NAKED NEWS . . . Yup, sex sells: "Speaker to 8th-graders: Try stripping;" "Bump, grind your way to riches, students told," "Career Tip For Schoolgirls: Strip;" "Career Day Speaker Tells Children Stripping Is Lucrative Career." Palo Alto's Jane Lathrop Stanford Middle School made the news big time last week. By Friday afternoon, more than 250 news Web sites, from Wires News to The Scotsman in the UK to CNN, had the story of the career day gone raunchy. "William Fried told eighth-graders at Jane Lathrop Stanford Middle School that stripping and exotic dancing could be lucrative career moves for girls, offering as much as $250,000 or more per year, depending on their bust size," one AP report stated. Bloggers also put their own spin on the tale, with one renaming the school "Jane Lapdance Stanford Middle School." On "Painfully Cool," a former exotic dancer wrote that she too would be upset if the speech was given at her children's school. "It is unfair to tell a child exotic dancing is glamorous and a lot of money can be made. A person owes it to a young person to tell the whole story of exotic dancing." At "Common Sense Runs Wild," one woman with the name Janette gave Fried mock praise, noting: "Thank goodness he saves the 'you could be a porn star' speech for the juniors and seniors." Right-wing bloggers, of course, had a field day presenting the narrative as another "California-gone-crazy" story. "Area parents were thrilled at Fried's openness about sexual matters," parodied "Right Thinking from the Left Coast." "'It makes me feel like I'm living in Europe,' remarked one excited mother." The speech got a friendlier response from "Diaz: King of Mass Media," who argued that stripping is indeed a viable career choice. "It's probably not one that a parent may want for their child, but it does pay well for the most part. I've been to my share of strip joints and have even spoken to many strippers. Some are trapped in the lifestyle, addicted to the money and such, but some are just single moms trying to make it."

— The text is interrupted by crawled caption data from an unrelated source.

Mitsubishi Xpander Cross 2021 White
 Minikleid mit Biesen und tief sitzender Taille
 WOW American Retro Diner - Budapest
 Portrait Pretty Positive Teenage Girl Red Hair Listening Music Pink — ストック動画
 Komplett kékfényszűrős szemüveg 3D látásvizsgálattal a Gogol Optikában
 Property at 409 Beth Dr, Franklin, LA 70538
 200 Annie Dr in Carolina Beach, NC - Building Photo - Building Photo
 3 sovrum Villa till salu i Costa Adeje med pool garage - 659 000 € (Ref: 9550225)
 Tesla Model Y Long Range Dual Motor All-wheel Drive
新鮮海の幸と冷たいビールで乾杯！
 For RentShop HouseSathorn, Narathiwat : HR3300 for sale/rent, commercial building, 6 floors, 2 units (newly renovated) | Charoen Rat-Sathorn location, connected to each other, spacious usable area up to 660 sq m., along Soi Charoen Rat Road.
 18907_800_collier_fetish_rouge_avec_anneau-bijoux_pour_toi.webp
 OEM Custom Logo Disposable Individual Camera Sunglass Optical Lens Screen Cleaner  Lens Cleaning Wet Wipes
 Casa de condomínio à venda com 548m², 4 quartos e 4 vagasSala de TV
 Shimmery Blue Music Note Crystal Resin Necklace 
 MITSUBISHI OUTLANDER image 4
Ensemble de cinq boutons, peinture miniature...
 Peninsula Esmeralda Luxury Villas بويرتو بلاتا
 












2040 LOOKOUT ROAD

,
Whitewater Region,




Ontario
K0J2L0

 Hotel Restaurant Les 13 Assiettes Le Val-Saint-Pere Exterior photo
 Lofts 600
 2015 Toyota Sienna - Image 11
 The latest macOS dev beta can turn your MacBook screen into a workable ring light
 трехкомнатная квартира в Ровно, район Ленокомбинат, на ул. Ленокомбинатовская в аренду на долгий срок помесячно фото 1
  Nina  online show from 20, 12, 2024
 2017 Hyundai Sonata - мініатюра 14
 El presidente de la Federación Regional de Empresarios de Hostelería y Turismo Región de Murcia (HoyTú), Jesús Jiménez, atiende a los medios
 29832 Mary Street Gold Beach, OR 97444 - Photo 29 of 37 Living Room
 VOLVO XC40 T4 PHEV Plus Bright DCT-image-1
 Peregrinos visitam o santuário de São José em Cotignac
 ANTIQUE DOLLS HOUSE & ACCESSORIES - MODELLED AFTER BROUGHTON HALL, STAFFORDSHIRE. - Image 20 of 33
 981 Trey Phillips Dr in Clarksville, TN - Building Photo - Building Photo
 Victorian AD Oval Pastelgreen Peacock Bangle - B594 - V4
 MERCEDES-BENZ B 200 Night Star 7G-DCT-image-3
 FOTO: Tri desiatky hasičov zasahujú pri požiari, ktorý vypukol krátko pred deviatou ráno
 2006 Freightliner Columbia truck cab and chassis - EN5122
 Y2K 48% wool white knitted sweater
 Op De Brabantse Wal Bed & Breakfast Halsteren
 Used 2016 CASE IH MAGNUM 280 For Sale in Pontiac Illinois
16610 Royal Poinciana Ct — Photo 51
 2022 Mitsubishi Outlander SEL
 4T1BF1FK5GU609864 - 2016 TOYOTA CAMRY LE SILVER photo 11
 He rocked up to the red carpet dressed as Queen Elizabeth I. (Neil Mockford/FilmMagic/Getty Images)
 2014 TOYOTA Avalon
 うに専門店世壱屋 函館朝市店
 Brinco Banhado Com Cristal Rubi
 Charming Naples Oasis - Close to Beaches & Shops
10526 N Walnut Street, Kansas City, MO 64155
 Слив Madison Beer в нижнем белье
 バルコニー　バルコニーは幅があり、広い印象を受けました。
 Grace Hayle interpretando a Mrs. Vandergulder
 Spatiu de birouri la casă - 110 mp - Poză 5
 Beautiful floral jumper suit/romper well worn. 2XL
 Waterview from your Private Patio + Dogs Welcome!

SCAREDY CATS . . . While police were searching for the mountain lion in Midtown last Thursday, resident Paul Taylor had other felines on his mind: His two domestic cats. "They are not brave cats." It was Taylor's tree in which the cougar had been spotted. After police concluded the mountain lion had slipped away, Taylor was allowed to enter his home, where he was relieved to find one cat in view and the other in hiding. Meanwhile, his neighbors took the spectacle - in which police cordoned off the area for more than two hours -- in stride, joking that they wanted a picture of themselves with Taylor, the big-cat celebrity. Meanwhile, two residents in the neighborhood called the Weekly last week to report hearing nighttime noises on the flat roofs of their Eichler-style homes. "I definitely heard something louder than a squirrel up there," one reported.

WILD LIFE . . . "People are looking up more these days," city wildlife expert Deborah Bartens said of people's reactions to the cougar reports. It's definitely possible that a small lion could subsist on the kind of prey, such as raccoons or skunks, available in a residential area, she said. So if someone smells skunk, it may be a lion. The youthful cougar spotted last week is estimated to weigh 50 pounds, but it looked bigger to the residents who spotted it. And the lions could travel back and forth to the hills via the creeks, she said. Bartens just returned from a mountain lion symposium in Boulder, Colo., where participants were given a tour of residential areas and shown where lions can hide -- in some "remarkably small spaces. It was amazing. We were saying, 'This could be Palo Alto,' except it was 12 degrees with blizzard conditions." Another difference: In Colorado, they can follow lion tracks through the snow.